» What is expected: Range to reproduce from the entries below: the line with "Casa submersa após", the line with "7513 Aubrey Ln. Photo 9", and every line in between. Give them exactly and give nothing else.

» Records provided:
:::::

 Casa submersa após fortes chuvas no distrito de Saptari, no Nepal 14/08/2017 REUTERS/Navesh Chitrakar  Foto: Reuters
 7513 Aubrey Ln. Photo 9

:::::

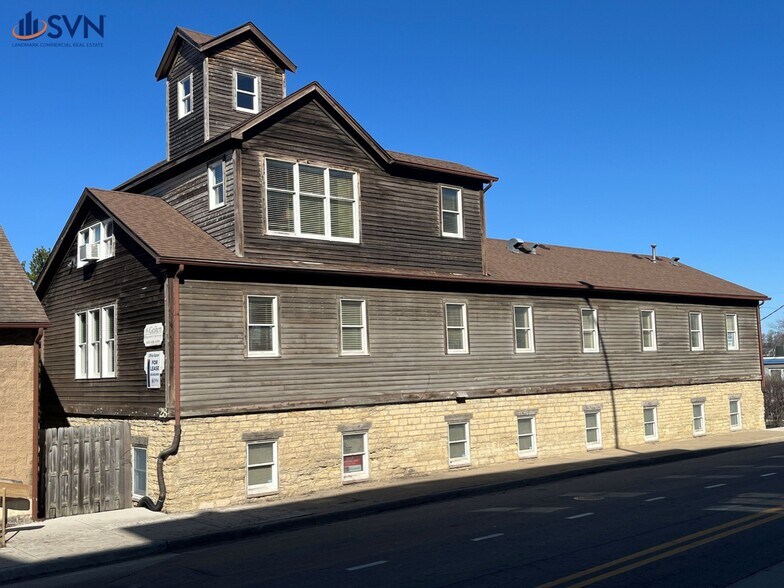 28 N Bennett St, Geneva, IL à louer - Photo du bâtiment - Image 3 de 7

:::::

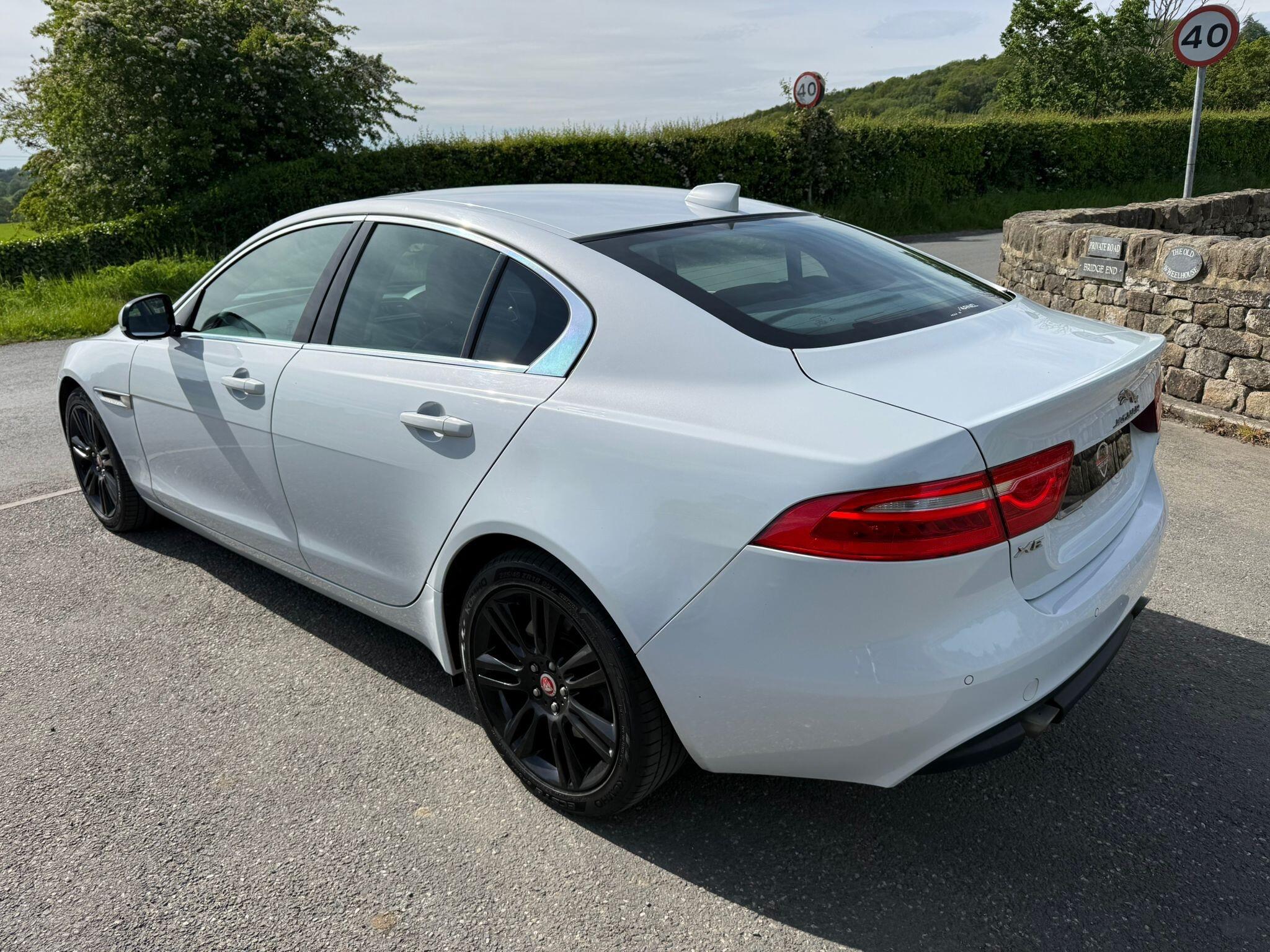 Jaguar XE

:::::

» Expected output:
 Casa submersa após fortes chuvas no distrito de Saptari, no Nepal 14/08/2017 REUTERS/Navesh Chitrakar  Foto: Reuters
 7513 Aubrey Ln. Photo 9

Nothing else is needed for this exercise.